# Homework Help: Graphic Exponentials help

1. Jan 13, 2010

### TyErd

The graph of a function with equation y=e^(2x) - 3ke^(x) +5 intersects the axes at (0.0) and (a,0) and has a horizontal asymptote at y=b. Find the exact values of a,b and k.

I tried assigning a variable to e^x but struck a dead end.

2. Jan 13, 2010

### Bohrok

Re: Exponentials

If (0, 0) is a point on the graph, then you can replace y and x with 0 to solve for k, and a won't be hard to solve for after that.
Have you found b?

3. Jan 13, 2010

### TyErd

Re: Exponentials

oooohk so i found k and it equals 2 and also a which equals loge(5). and no i haven't found b

4. Jan 13, 2010

### TyErd

Re: Exponentials

not sure how to find b

5. Jan 13, 2010

### vela

Staff Emeritus
Re: Exponentials

If $z=e^x$, you have $y=z^2-6z+5$. Does that help?

6. Jan 13, 2010

### Bohrok

Re: Exponentials

Think of what happens with y = e2x - 3kex as x→∞ or -∞. Does it approach a certain value? What happens when you shift the graph up 5 units with the +5?

7. Jan 13, 2010

### Staff: Mentor

Re: Exponentials

vela is leading you toward finding the x-intercepts, and Bohrok is leading you toward finding the horizontal asymptote.

8. Jan 14, 2010

### vela

Staff Emeritus
Re: Exponentials

Yeah, I misread the problem. Ignore what I said.

9. Jan 14, 2010

### Staff: Mentor

Re: Exponentials

No, not a problem. I was just pointing out to the OP that the two of you were looking at different parts of the problem.

10. Jan 14, 2010

### TyErd

Re: Exponentials

hey im still having trouble understanding what the horizontal asymptote is.

11. Jan 14, 2010

### TyErd

Re: Exponentials

b is 5 but i dont get why

12. Jan 14, 2010

### vela

Staff Emeritus
Re: Exponentials

What does the function do as x goes to infinity or -infinity?

13. Jan 14, 2010

### TyErd

Re: Exponentials

do i have to use the calculator to do that?

14. Jan 14, 2010

### Altabeh

Re: Exponentials

Of course not!

Just try to puzzle out where y goes for x-> -oo. I've excluded +oo to get you to understand something important. Use the fact that for any x, x^a =0 if a-->-oo.

15. Jan 14, 2010

### Staff: Mentor

Re: Exponentials

This not true for 0 < x < 1. Even if you limit it to x > 1, x^a merely approaches zero as a gets large. x^a is not equal to zero for any real value of a.

Last edited: Jan 14, 2010
16. Jan 14, 2010

### TyErd

Re: Exponentials

ook,as x approaches -infinity it gets closer to 5 but at a certain -x value, y actually equals 5. Which isnt right because its suppose to be an asymptote. And also why exclude positive infinity??

17. Jan 14, 2010

### Staff: Mentor

Re: Exponentials

as x approaches -infinity y approaches 5. The use of "it" is confusing because a casual reader would think you were talking about x. There is no negative value of x for which y = e2x - 6ex + 5 equals 5. In fact, for x < 0, y is always < 5, but it gets infinitesimally close to 5 the more negative x gets.

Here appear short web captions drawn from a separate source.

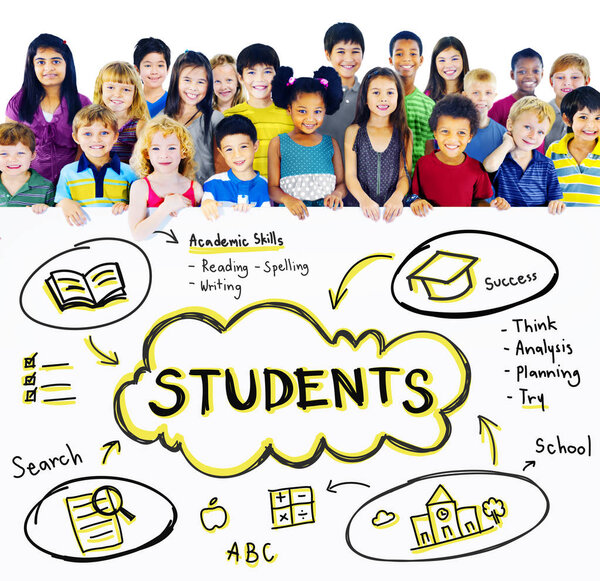 Cute diverse kids smiling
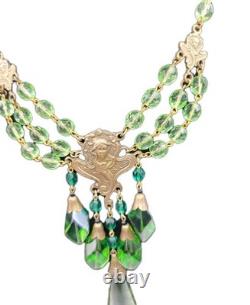 Vintage Art Nouveau Revival Woman Gilded Czech Green Glass Festoon Drop Necklace
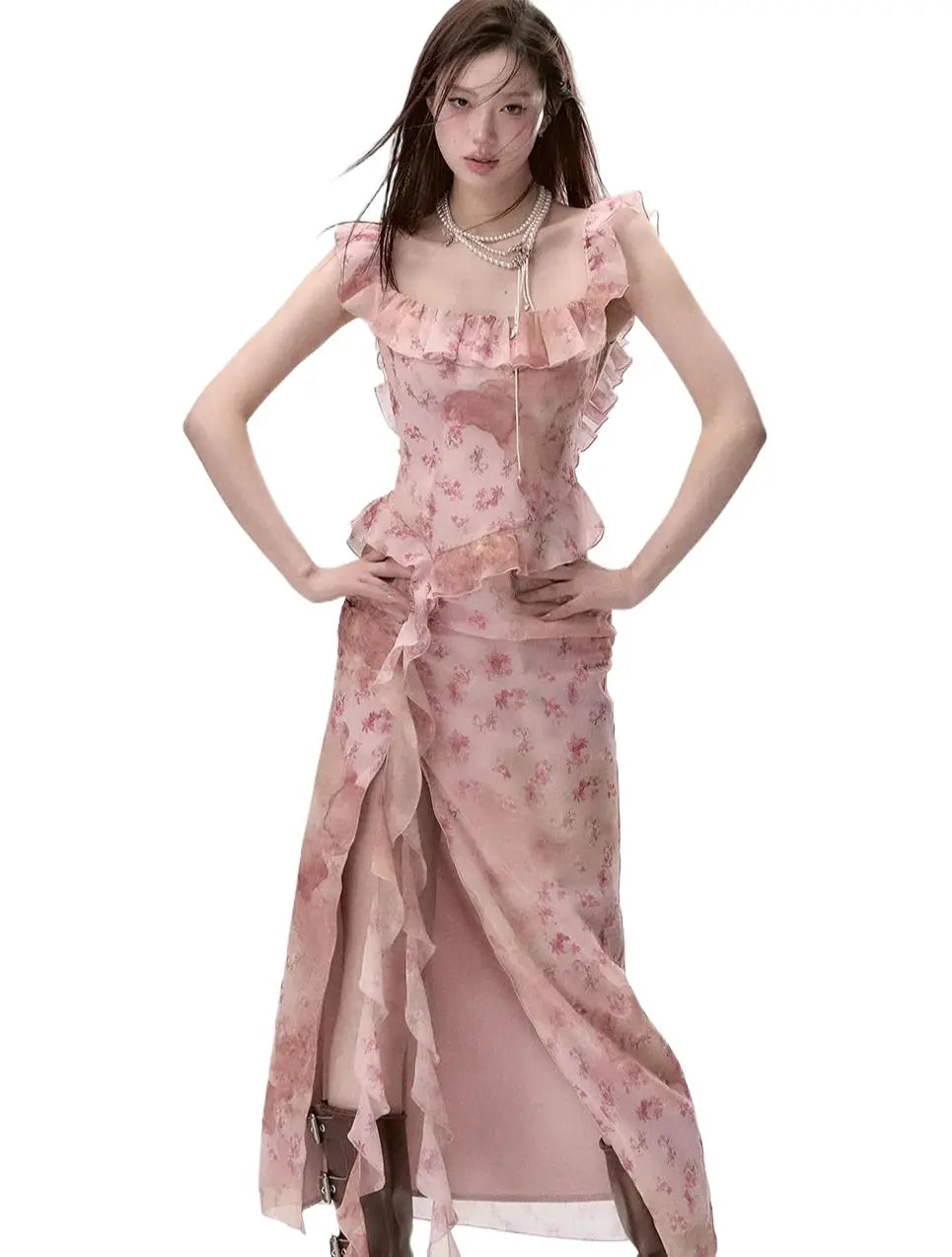 Distressed Floral Split Midi Dress - CHINASQUAD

There is a positive value of x for which y = 5, but we're talking about asymptotic behavior for x < 0, i.e., behavior for very negative x values.

18. Jan 14, 2010

### TyErd

Re: Exponentials

Im not sure if im doing something wrong but I just substituted -15 into x and y equaled 5 but as i get more negative like x=-1000, y still equals 5.

19. Jan 14, 2010

### vela

Staff Emeritus
Re: Exponentials

You're probably running into the limitations of your calculator. For x=-15, to ten decimal places, y=4.9999981645, which is within two-millionths of 5. At x=-1000, y differs from 5 by about $3\times10^{-434}$.

20. Jan 14, 2010

### TyErd

Re: Exponentials

oh yea vela you're right, i just tried it on a different calculator.